- **EXERCISE BRIEF**: Exact copy, no pictures: return all the data below as written.

- **GIVEN DATA**:
------------------------------------

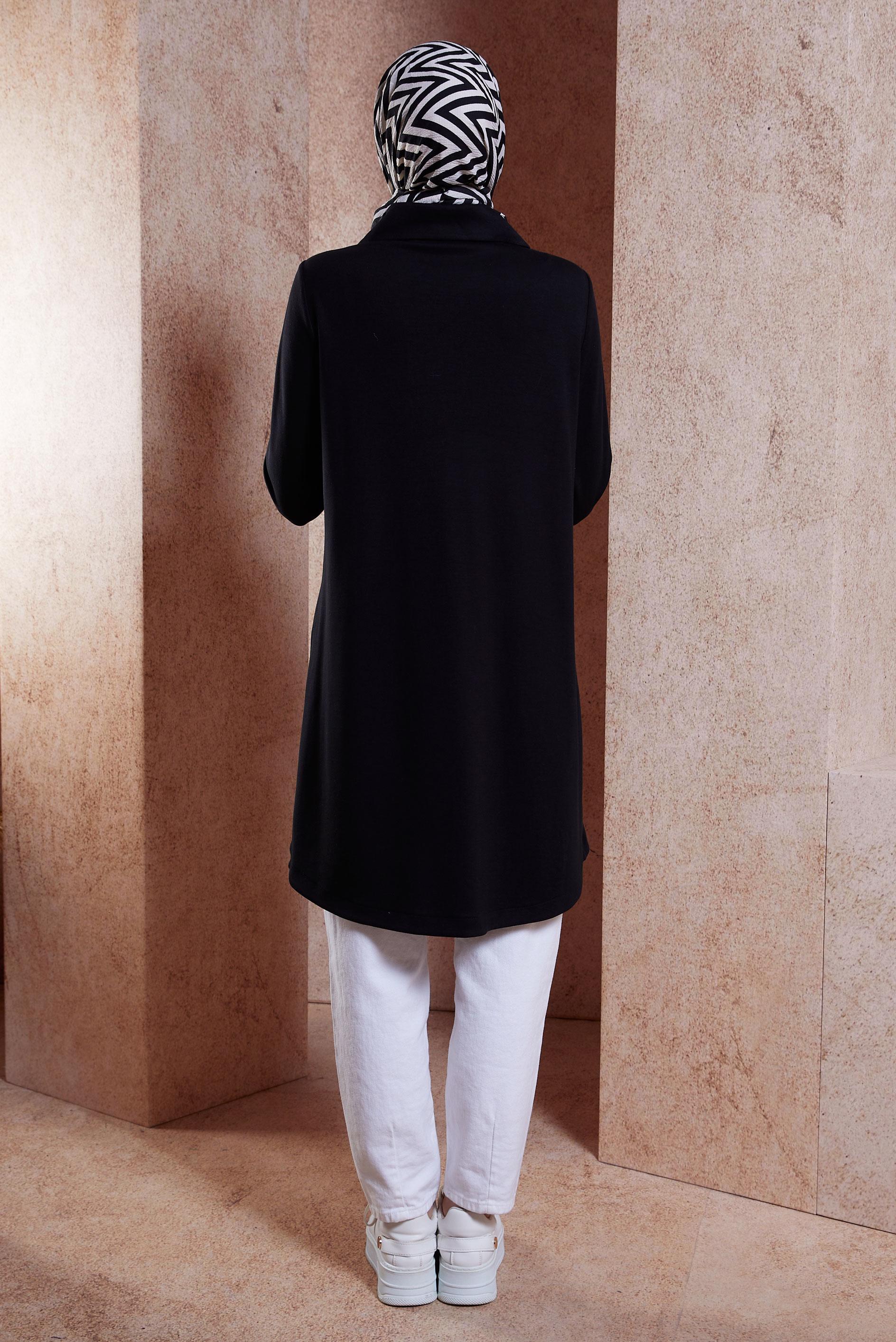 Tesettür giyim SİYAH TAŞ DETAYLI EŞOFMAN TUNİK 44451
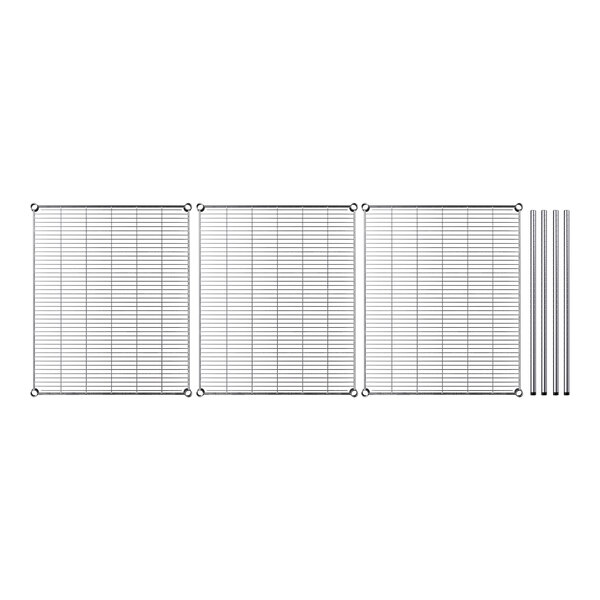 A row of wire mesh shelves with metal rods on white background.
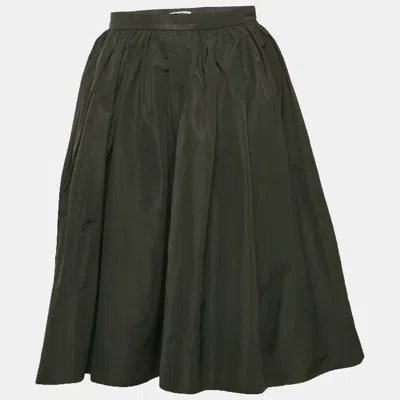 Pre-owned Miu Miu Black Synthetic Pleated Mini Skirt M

------------------------------------

- **SOLUTION TO THE PROBLEM**:
 Tesettür giyim SİYAH TAŞ DETAYLI EŞOFMAN TUNİK 44451
 A row of wire mesh shelves with metal rods on white background.
 Pre-owned Miu Miu Black Synthetic Pleated Mini Skirt M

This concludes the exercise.